◆ The problem ◆
Lines outside the range are not wanted. Give again exactly the lines between the line holding "明略数据上市，引领大数据产业新篇章" and the line holding "Beautiful Sri Lankan", inclusive, from the listing below.

<<<<

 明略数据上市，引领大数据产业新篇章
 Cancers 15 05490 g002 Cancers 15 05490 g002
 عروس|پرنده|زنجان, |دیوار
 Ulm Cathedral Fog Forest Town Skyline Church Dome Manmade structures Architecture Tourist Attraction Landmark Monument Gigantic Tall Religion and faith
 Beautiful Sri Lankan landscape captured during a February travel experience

>>>>
<<<<

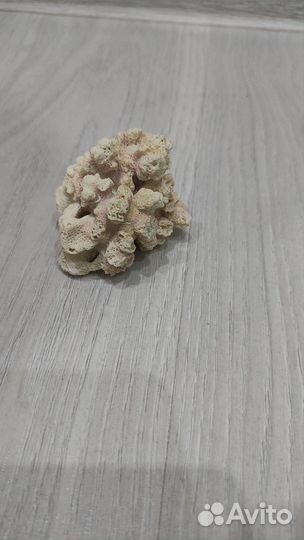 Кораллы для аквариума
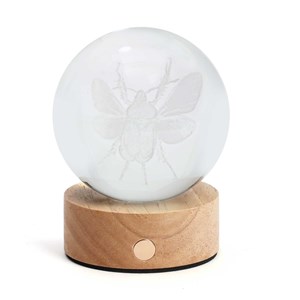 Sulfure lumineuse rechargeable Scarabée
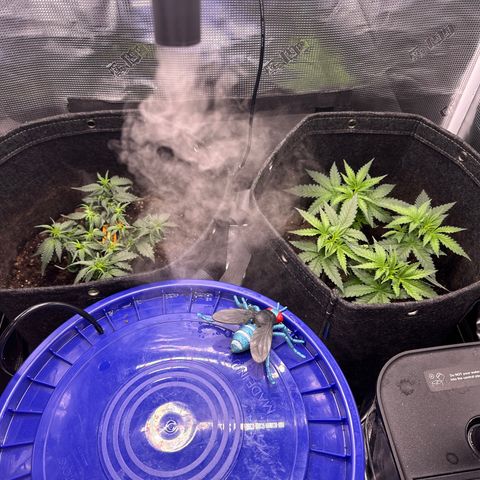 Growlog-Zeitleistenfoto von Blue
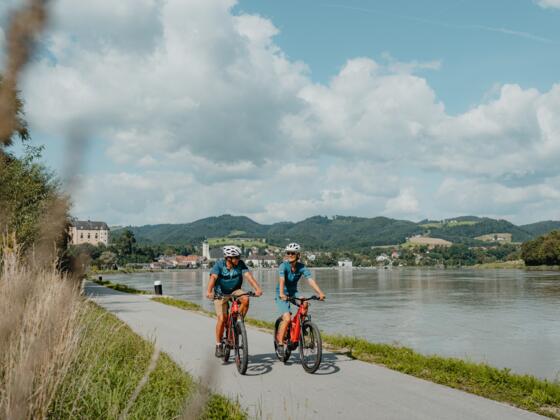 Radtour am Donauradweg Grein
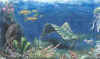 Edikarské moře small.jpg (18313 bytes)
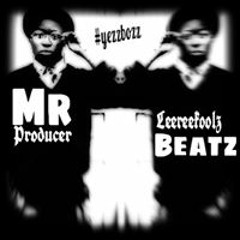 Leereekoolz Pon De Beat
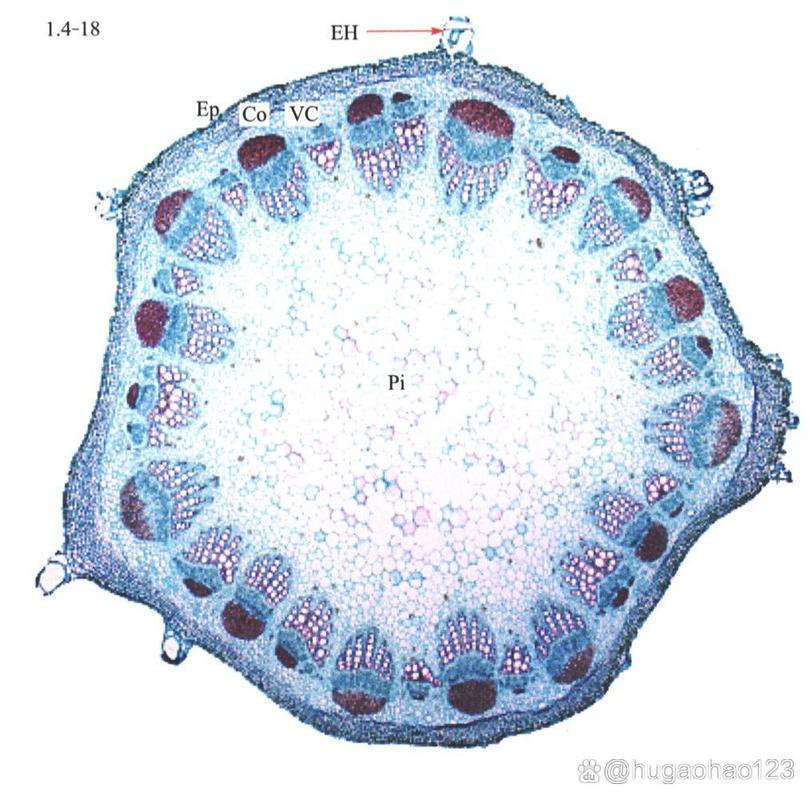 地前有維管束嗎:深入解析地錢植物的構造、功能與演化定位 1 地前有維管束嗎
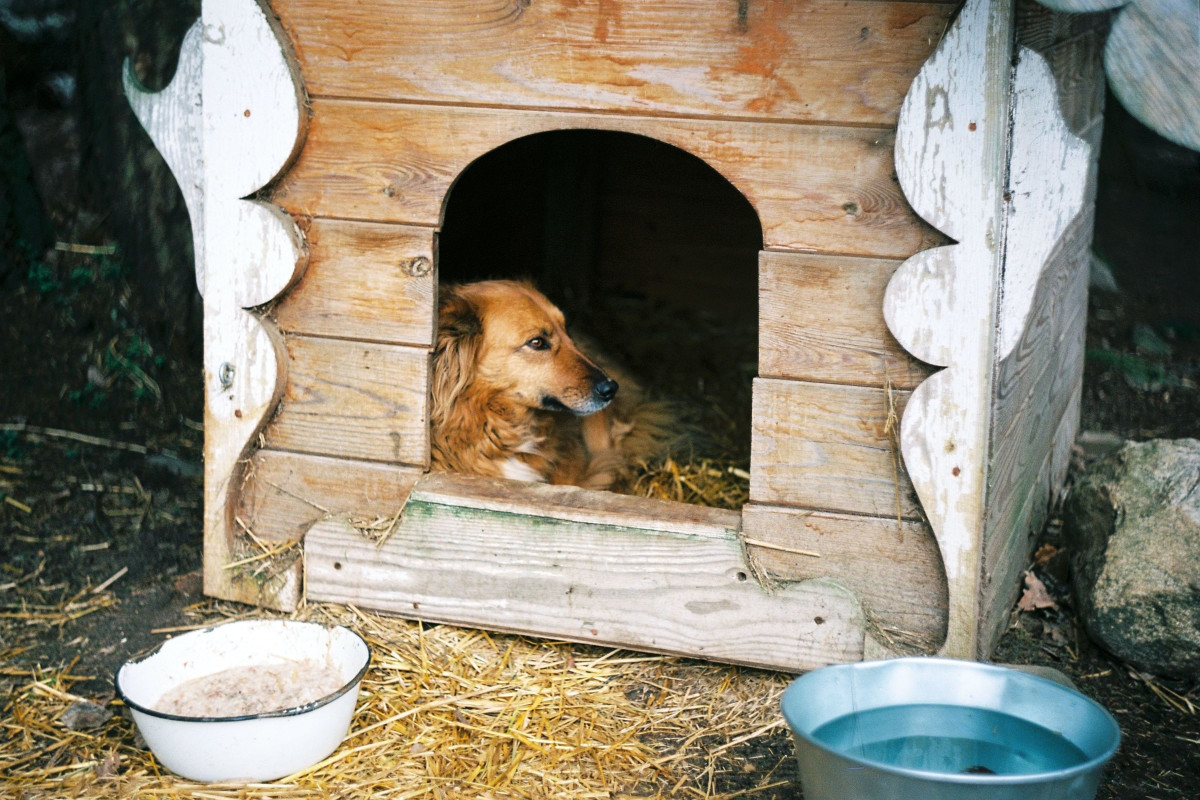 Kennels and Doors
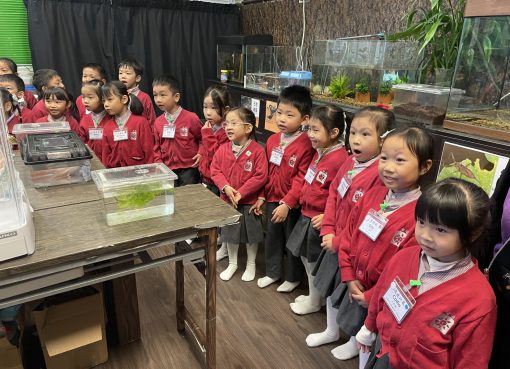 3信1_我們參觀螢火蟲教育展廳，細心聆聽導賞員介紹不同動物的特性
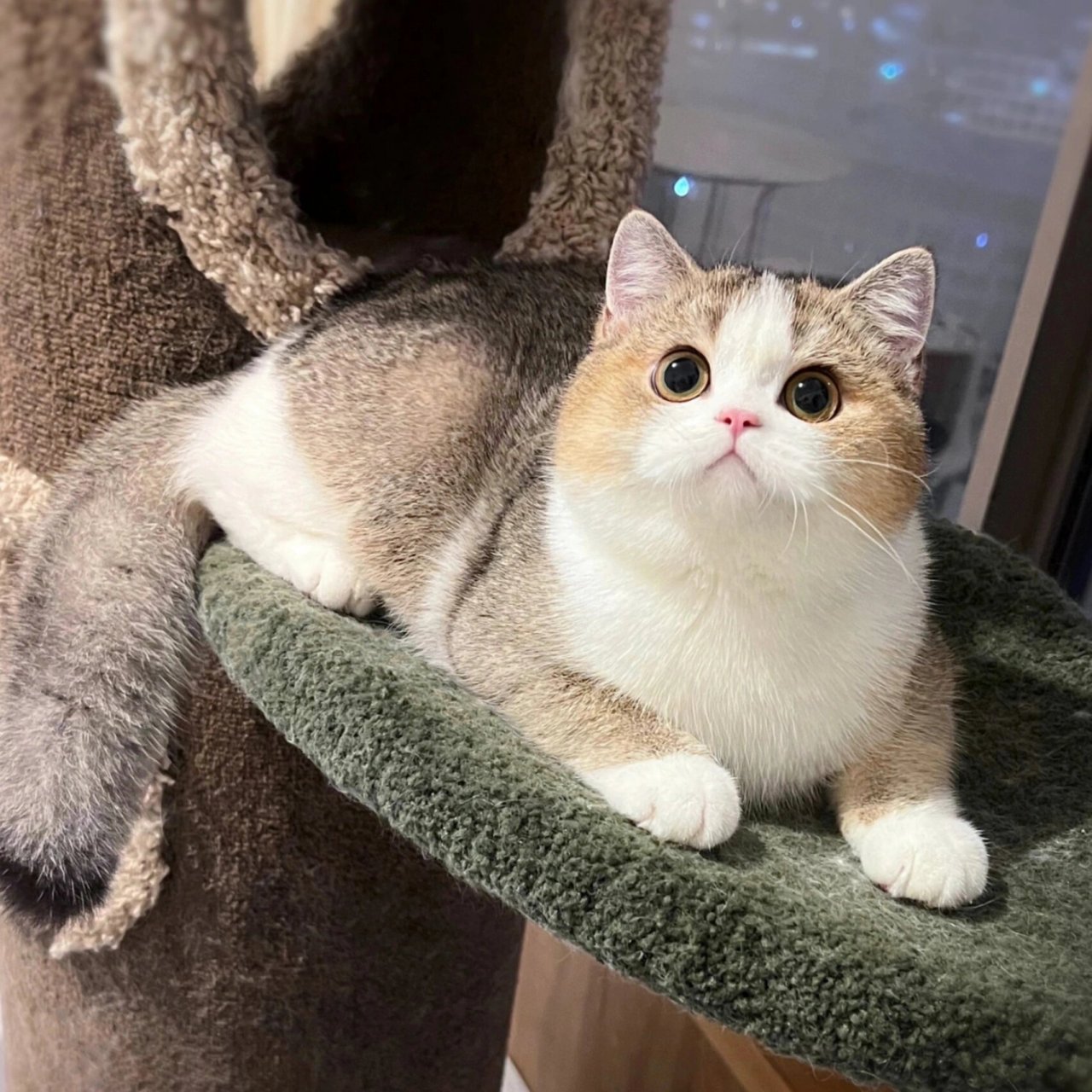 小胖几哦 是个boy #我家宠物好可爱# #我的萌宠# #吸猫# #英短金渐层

>>>>

◆ Exercise solution ◆
 明略数据上市，引领大数据产业新篇章
 Cancers 15 05490 g002 Cancers 15 05490 g002
 عروس|پرنده|زنجان, |دیوار
 Ulm Cathedral Fog Forest Town Skyline Church Dome Manmade structures Architecture Tourist Attraction Landmark Monument Gigantic Tall Religion and faith
 Beautiful Sri Lankan landscape captured during a February travel experience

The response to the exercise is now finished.